Frequently Asked Questions
Scientific studies strongly indicate that invasive non-native plants harm Florida's natural environment and lead to a loss of biodiversity. Many of Florida's unique native plant and animal communities are found nowhere else in North America. Invasive non-native plants disrupt Florida's natural environment by forming novel habitats and by altering ecological processes that permit native plant and animals to survive. For example, the Australian melaleuca tree forms dense forests in formerly treeless saw grass marshes of the Florida Everglades. Melaleuca trees also alter ecological processes by increasing soil elevations and by changing natural fire regimes that destroy the uniqueness of the Everglades. Endangered plants, animals, and native ecosystems are being pushed closer to extinction by invasive non-native plants.

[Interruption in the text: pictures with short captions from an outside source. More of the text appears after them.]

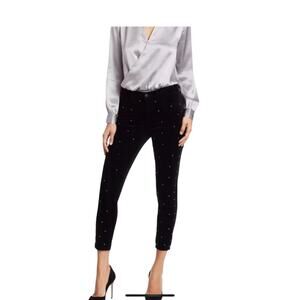 L’AGENCE Margot velvet high waist  crystal noir skinny jeans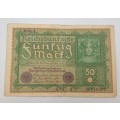 1919 Germany (1871-1948) 50 Mark Reichsbank note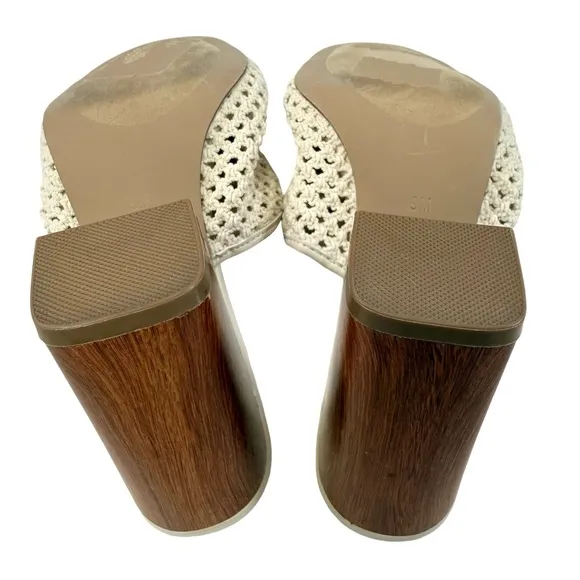 NWOB Steve Madden Cataleya Woven Net Wooden Block Heel Slide Sandals Size 9M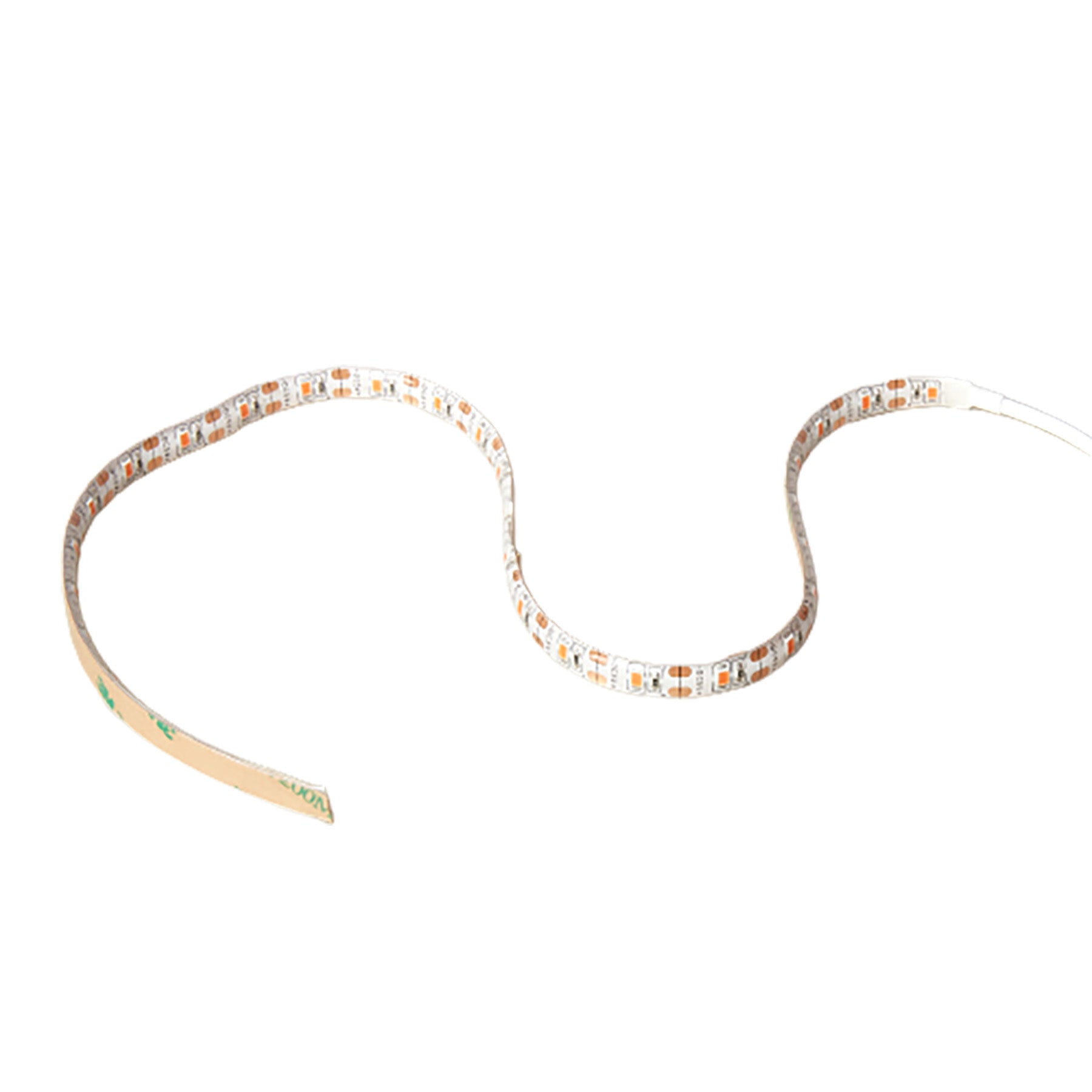 Flexible LED grow light strip with small orange and white lights, adhesive backing.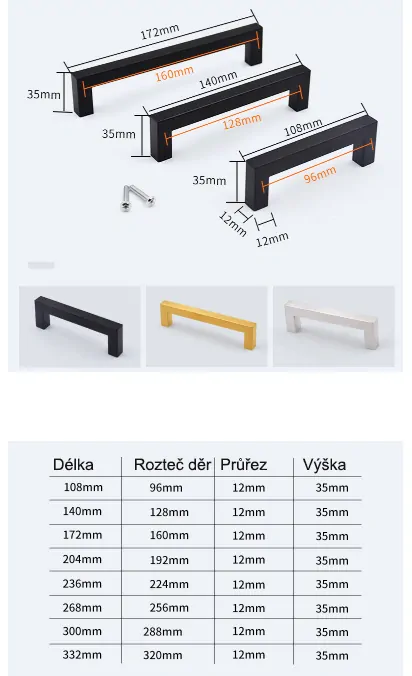 Nerezové madlo 236mm zlaté 12x12mm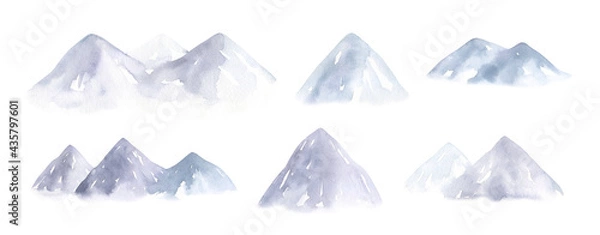 Obraz Watercolor Mountains Set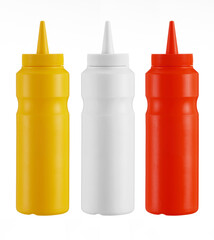 Ketchup, Mustard and Mayonnaise bottles isolated on white background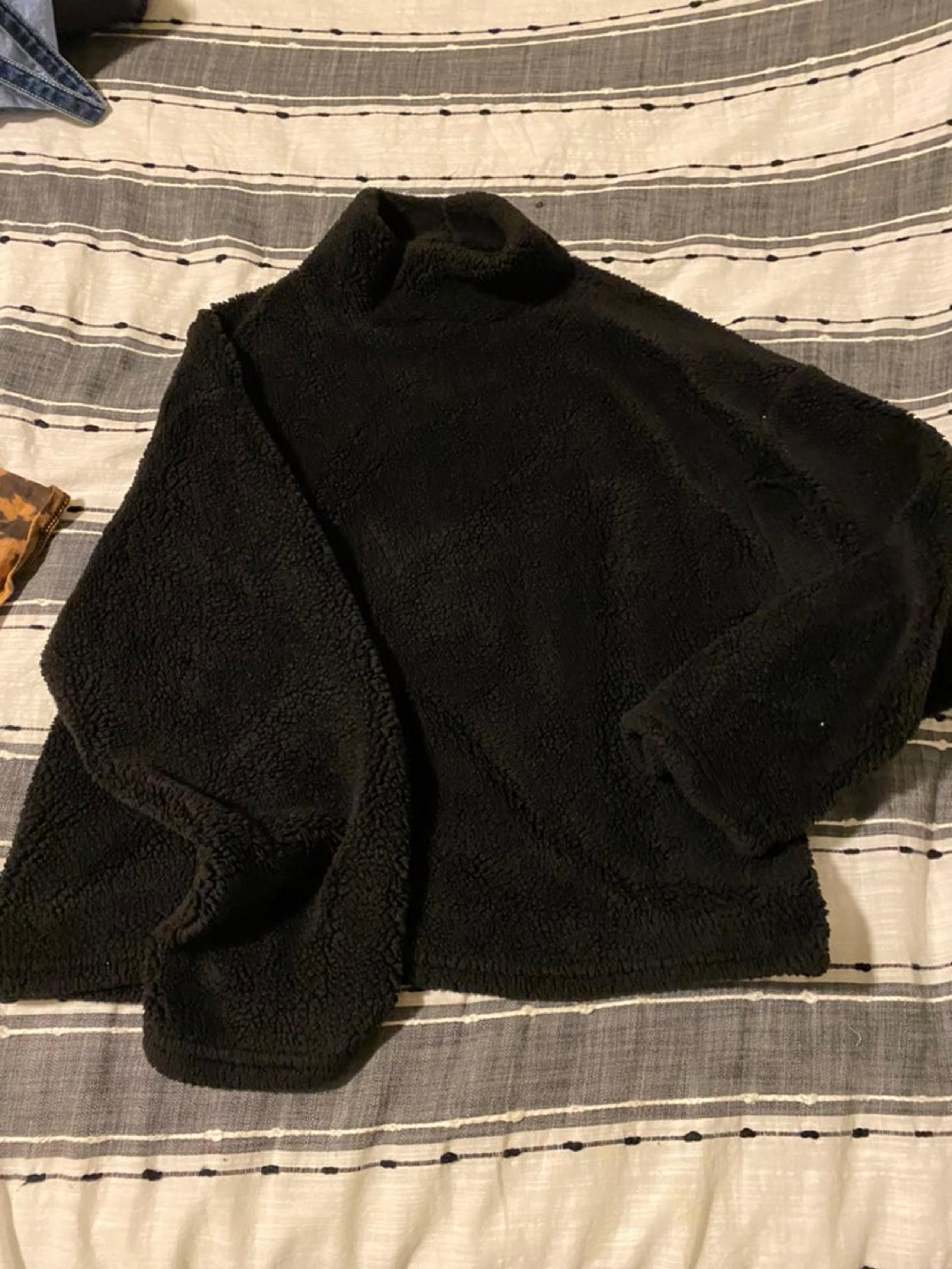 black turtleneck sherpa sweater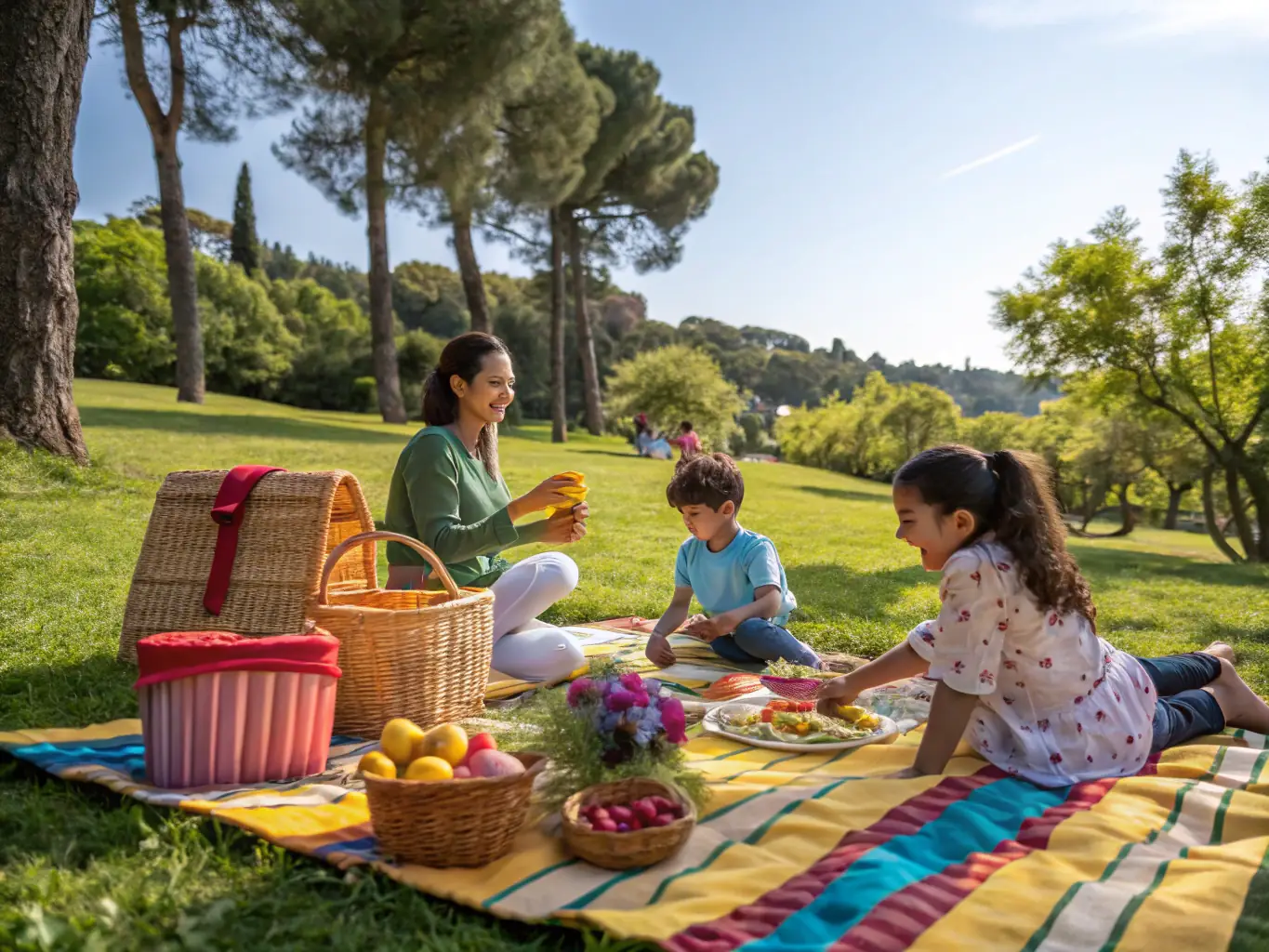 A community gathering in a local park, with people enjoying outdoor games, picnics, and social interaction.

It is estimated that more than 1.7 million acres of Florida's remaining natural areas have become infested with non-native plant species. Hydrilla, Florida's most widespread invasive exotic aquatic plant, covered 45,406 acres of public waterbodies in 2007 in 199 public water bodies. At least 45% of the invasive non-native plant species found in Florida were imported for ornamental or agricultural reasons, and 39% of the worst invasive plant species are still commercially available for sale and continue to spread.
Public land managers, who are charged with preserving and restoring Florida's remaining native ecosystems, have found themselves spending more and more time controlling and removing invasive non-native plant species. Current control methods employed range from hand pulling of undesirable species to applying herbicides selectively to avoid harming native plant and animal communities.
Plants form the base of the food pyramid upon which all living things depend on. Aquatic plants turn sunlight into plant matter and forms the base of the food pyramid that nurtures all aquatic animals.
Benefits of aquatic plants include:
- Nursery areas and shelter for small fish.
- A buffer zone preventing bank erosion from waves and boat wakes.
- A food source for fish, waterfowl, and manatees.
- A natural water purification system.
- Aesthetically pleasing wild flowers.
- Nesting sites for birds.
A weed is a plant growing where it's not wanted. By this definition, any aquatic plant has the potential to be a weed if it hinders navigation, water movement in irrigation and flood control canals, swimming, recreational boating or fishing, or if it's abundant growth adversely affects fish populations and other wildlife.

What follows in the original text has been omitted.